Hinduphobia: The Neo-Secularism
To many, whether
The Economist or Time magazine commenting on the elections with a
cautionary notes for voters, actor turned politician Kamal Haasan
linking political assassin of Gandhiji - Nathuram Godse - to his Hindu
identity, many missionary and Islamic groups coming out openly to
support parties that would defeat Modi, Urban-Naxals playing their
narratives of democracy in danger, some media giants attempting to
invigorate caste divisions and Rajasthan Government removing a chapter
on Savarkar from text-books etc may be different strategies by different
players. In reality, they are part of the same grand-strategy to create
the ‘Hinduphobia’ – of which Prime Minister Narendra Modi is just a
symbol. If at all 2019 election campaign is to be analysed, it has to be
seen in this form of Neo-Secularism.
Just
before 2014 elections, ‘secularism’ was the buzz word which is
completely missing from the entire election discourse. Not just the
self-proclaimed intellectuals, artists, historians and bureaucrats etc
of the Lutyens gang but their international voices also then played the
‘Secularism in Danger’ narrative. In the earlier avatar of secularism,
playing vote-bank politics, discriminating against larger Hindu identity
through legal and policy instruments so that more and more people
dissociate from the same, divide them on caste and regional lines etc
were the common strategies. As this flawed version of unfit borrowing of
terminology called ‘secularism’ from the West backfired, what is now
practised skilfully and with entire networked might is Neo-Secularism in
the form of ‘Hinduphobia’.
Here
the attempt is not just to appease so-called minorities or discriminate
and divide the larger Hindu identity but to denigrate the Hindu
identity by branding it as intolerant, regressive, violent and
therefore, anti-democratic. The 2019 campaign is the culmination of all
the narratives played from the results of 2014 elections.

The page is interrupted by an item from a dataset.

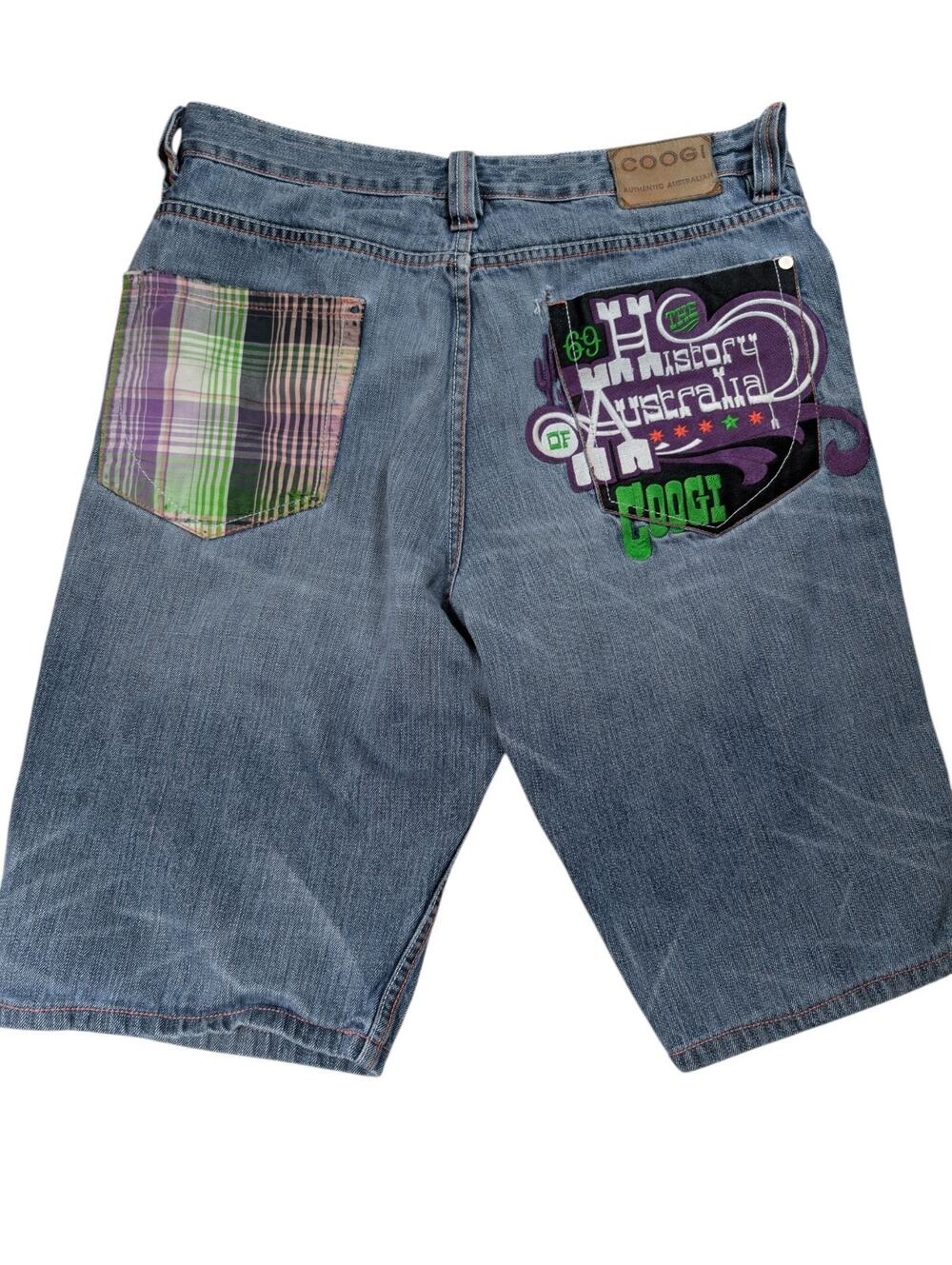 Vintage Y2K Coogi History of Australia Shorts Mens 36 Embroidered 90s Grunge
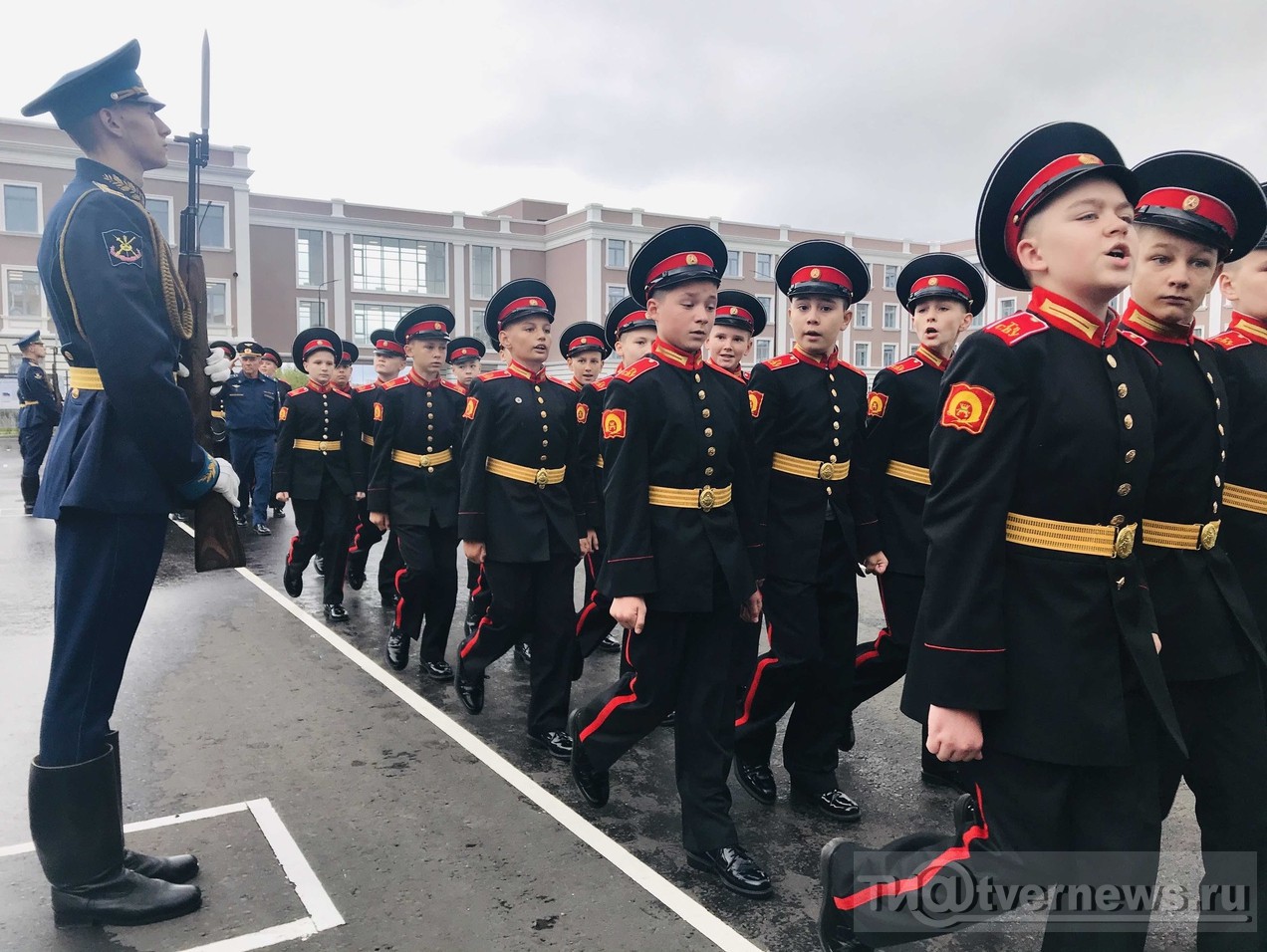 В Твери торжественно открыли новый комплекс Тверского суворовского училища  | 01.09.2020 | Тверь - БезФормата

Whether national or international, media groups have their own freedom
to analyse and comment on democracy of Bharat. As a part of this freedom
what they try to do is actually preaching what is good for the common
electorates and what are the benchmarks for democracy. The film industry
or other intellectuals definitely have a role to play in democracy and
perhaps they have been most vocal in the last five years. Still, they
are crying of ‘free speech in danger’. Their selectivity about the
issues and intellectual hypocrisy of not terming what happened in Sri
Lanka as terrorism while labelling anybody who is Hindu as terrorist is
problematic.
The
Congress hypocrisy and double standards of temple tourism on the one
hand and demonising Hindus on the other hand has been exposed many a
times. Though Congress is believed to have critically analysed the
failure of 2014 and tried to play the Janevudhari card conveniently,
removing a chapter on Savarkar from textbooks or Rahul Gandhi insulting
the freedom fighter time and again just because he articulated the book
‘Hindutva’ is another sign of ‘Hinduphobic’ mindset.
By
the time this edition is published, the voting for General Elections
2019 would be over. Media and political pundits would be analysing data
and discussing exit polls. Various numbers would be thrown to us and
numerous political strategising would be carried out. While doing so, we
should not forget that the central theme of campaign by the entire
opposition alliance (formal and informal) has been creating Hinduphobia.
Modi is the symbol and outcome of rise of Bharat on its eternal Hindu
identity that believes in acceptability and respect. The same identity
also knows how to protect that inclusivity and multiplicity of truth
from the violent, colonising, monopolistic aggressions. Irrespective of
the election outcome, this assertion of the national identity is the
fact and everyone will have to deal with it.